Extracted entries:
.....
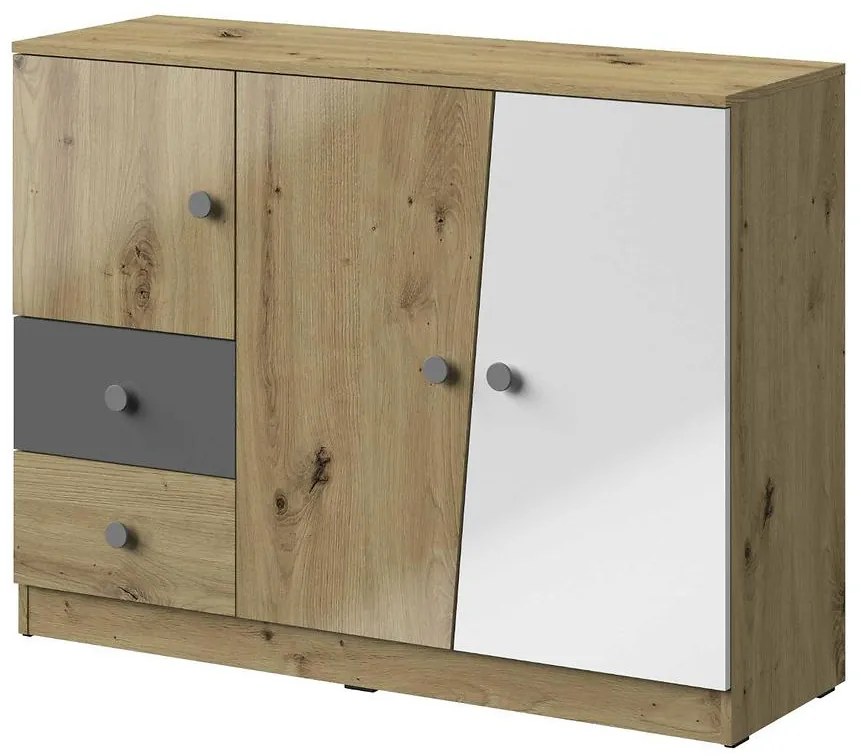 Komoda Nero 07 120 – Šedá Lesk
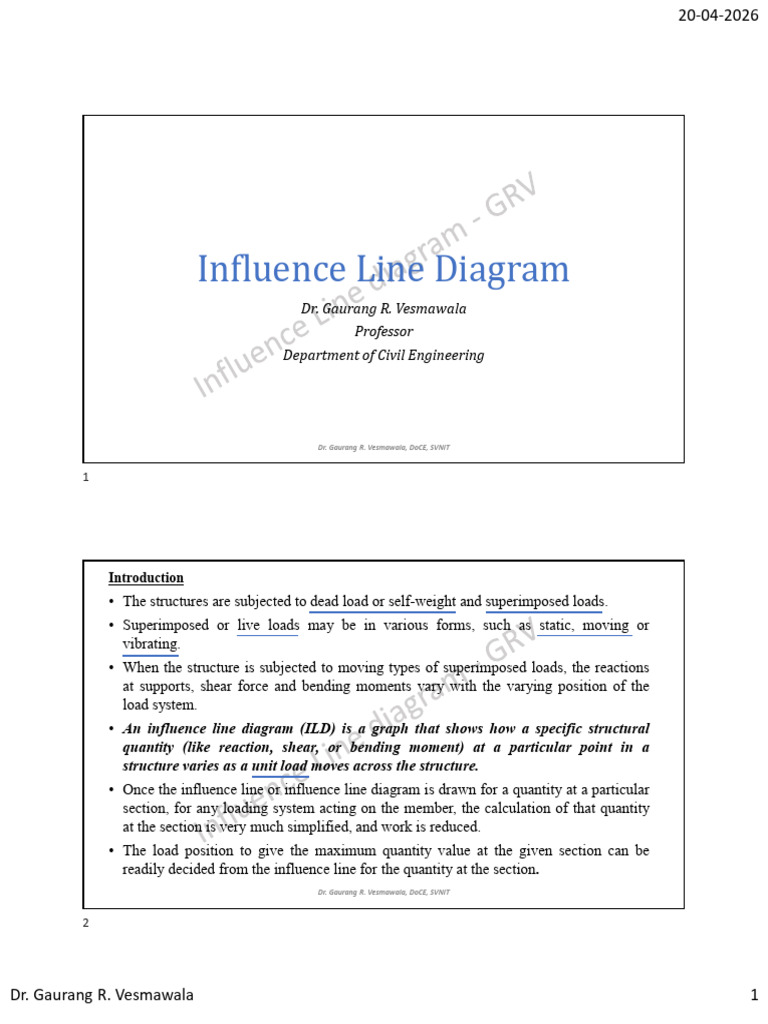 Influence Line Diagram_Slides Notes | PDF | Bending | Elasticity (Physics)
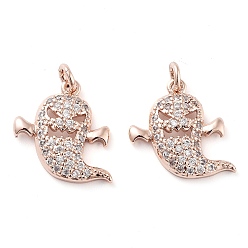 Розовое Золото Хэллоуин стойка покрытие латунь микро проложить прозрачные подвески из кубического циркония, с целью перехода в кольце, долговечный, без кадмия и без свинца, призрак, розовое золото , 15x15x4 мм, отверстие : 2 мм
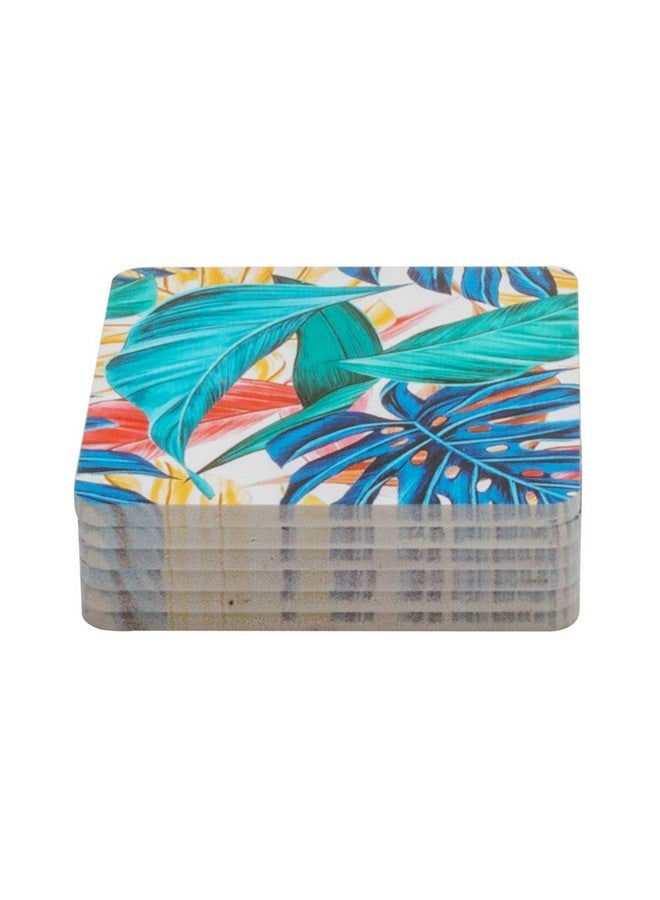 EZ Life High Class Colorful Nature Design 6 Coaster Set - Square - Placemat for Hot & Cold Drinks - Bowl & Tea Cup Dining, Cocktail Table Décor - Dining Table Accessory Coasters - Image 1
.....
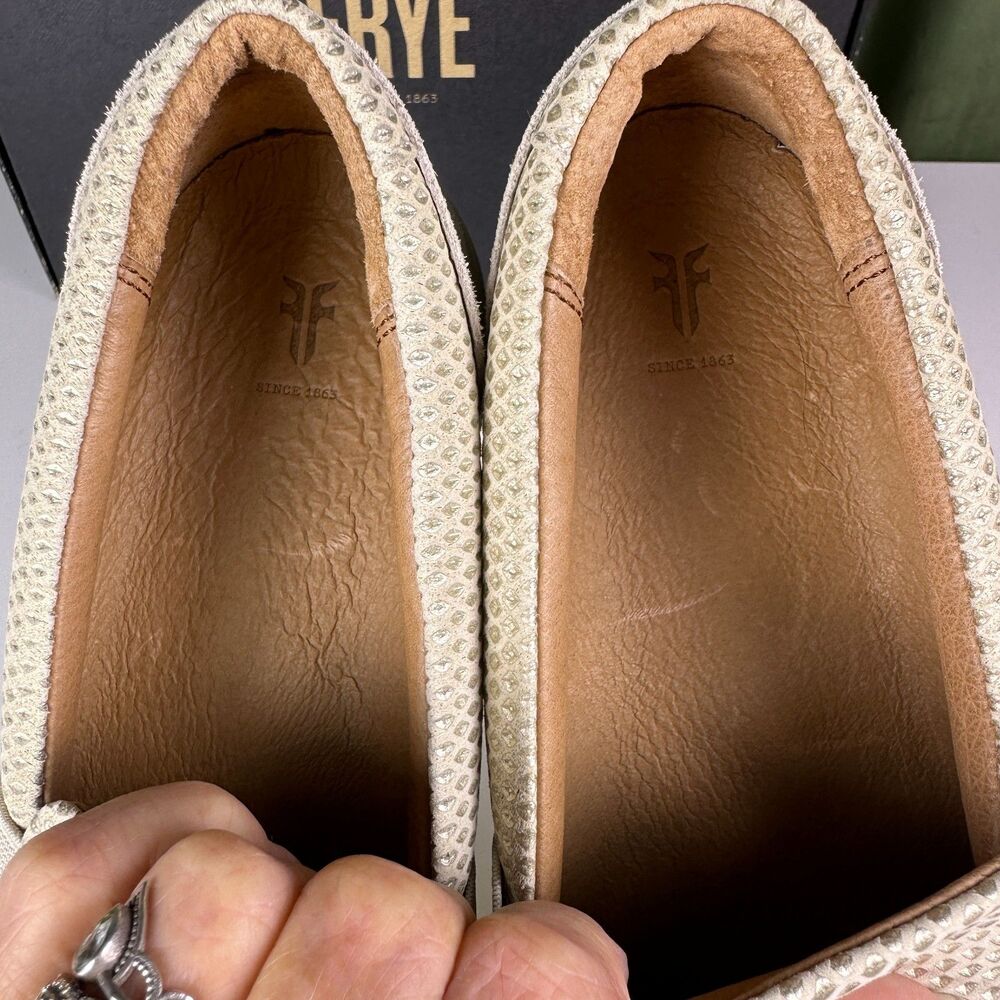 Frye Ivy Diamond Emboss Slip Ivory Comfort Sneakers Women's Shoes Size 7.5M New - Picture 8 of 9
.....
Exact copy, pictures excluded: every line above from the one containing "Komoda Nero 07 120 – Šedá Lesk" to the one containing "EZ Life High", inclusive, and nothing more.

Result for this task:
 Komoda Nero 07 120 – Šedá Lesk
 Influence Line Diagram_Slides Notes | PDF | Bending | Elasticity (Physics)
 Розовое Золото Хэллоуин стойка покрытие латунь микро проложить прозрачные подвески из кубического циркония, с целью перехода в кольце, долговечный, без кадмия и без свинца, призрак, розовое золото , 15x15x4 мм, отверстие : 2 мм
 EZ Life High Class Colorful Nature Design 6 Coaster Set - Square - Placemat for Hot & Cold Drinks - Bowl & Tea Cup Dining, Cocktail Table Décor - Dining Table Accessory Coasters - Image 1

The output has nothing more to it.